=== What to produce ===
From the line containing "Beige T-shirt med" to the end of the records below, both included, every line should be repeated exactly; pictures should be dropped.

Web page caption snippets
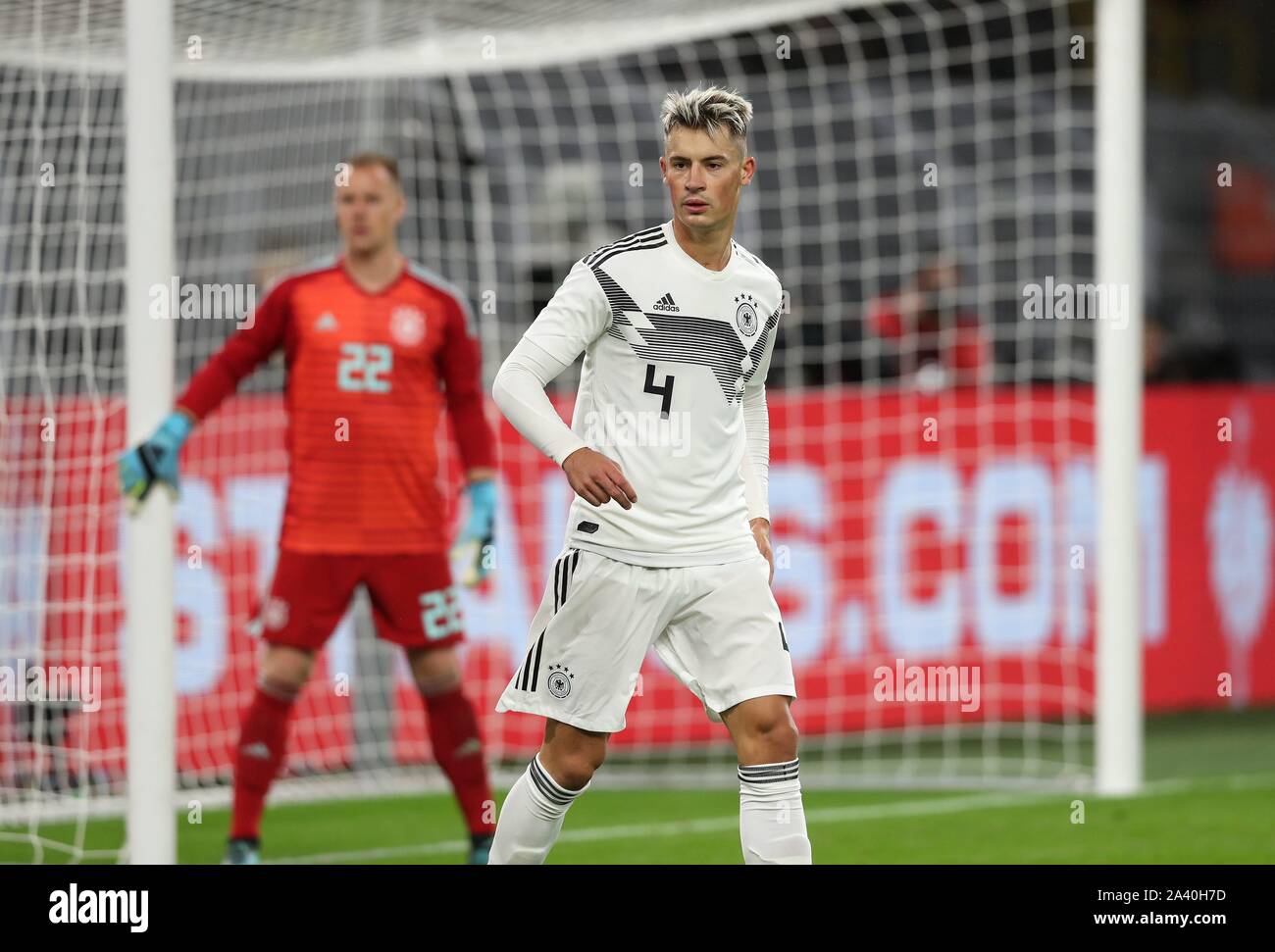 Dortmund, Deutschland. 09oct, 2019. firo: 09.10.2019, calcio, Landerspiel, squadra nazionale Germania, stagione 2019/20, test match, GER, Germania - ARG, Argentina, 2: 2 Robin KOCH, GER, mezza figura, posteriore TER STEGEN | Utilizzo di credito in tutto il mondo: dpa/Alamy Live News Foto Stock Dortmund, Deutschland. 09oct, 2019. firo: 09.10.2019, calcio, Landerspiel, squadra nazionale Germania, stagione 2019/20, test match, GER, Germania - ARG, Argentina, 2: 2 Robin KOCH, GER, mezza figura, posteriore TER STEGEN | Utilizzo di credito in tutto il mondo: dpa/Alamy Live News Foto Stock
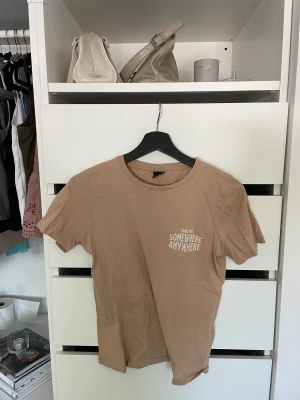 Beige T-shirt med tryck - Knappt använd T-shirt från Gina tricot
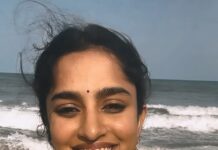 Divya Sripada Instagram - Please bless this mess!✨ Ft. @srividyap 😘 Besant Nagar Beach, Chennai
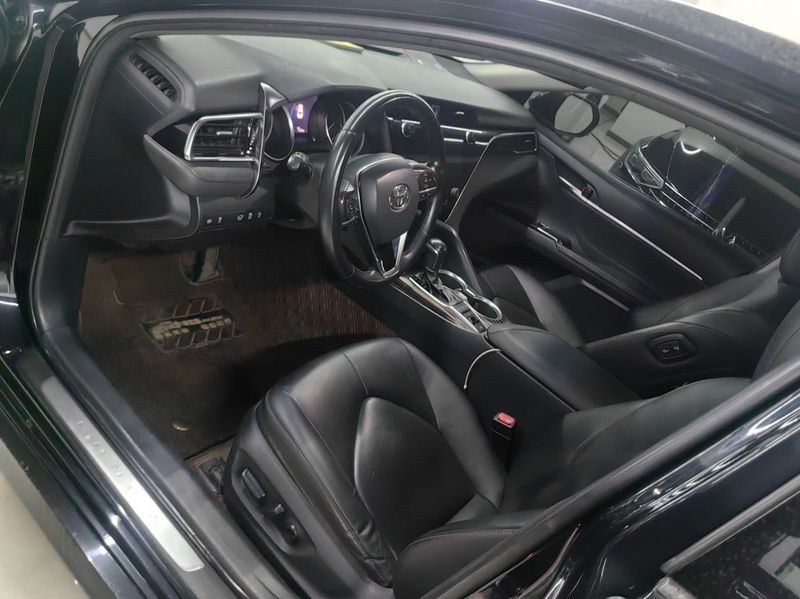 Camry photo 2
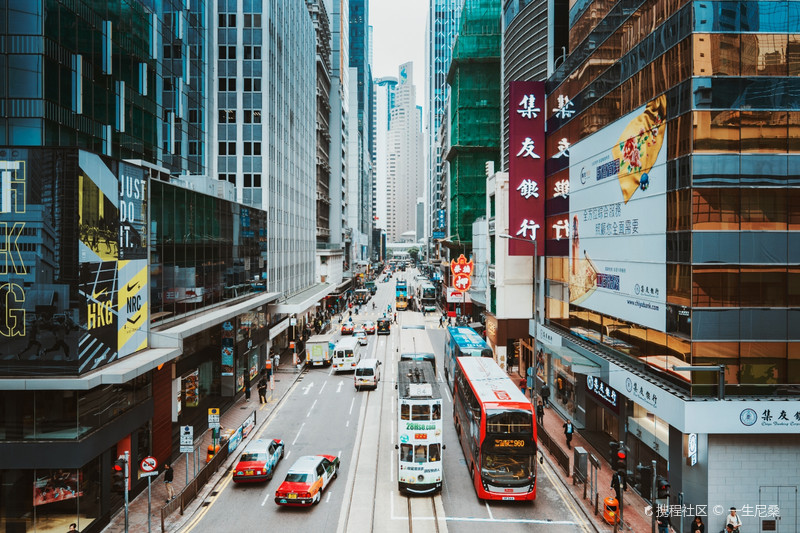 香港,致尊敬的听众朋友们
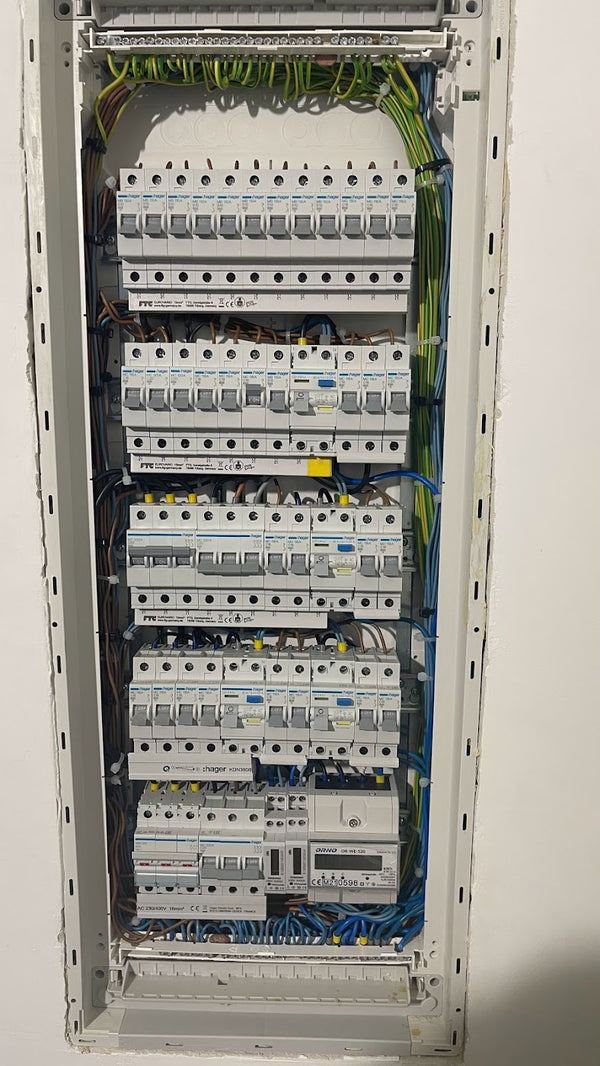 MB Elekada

=== Task output ===
 Beige T-shirt med tryck - Knappt använd T-shirt från Gina tricot
 Divya Sripada Instagram - Please bless this mess!✨ Ft. @srividyap 😘 Besant Nagar Beach, Chennai
 Camry photo 2
 香港,致尊敬的听众朋友们
 MB Elekada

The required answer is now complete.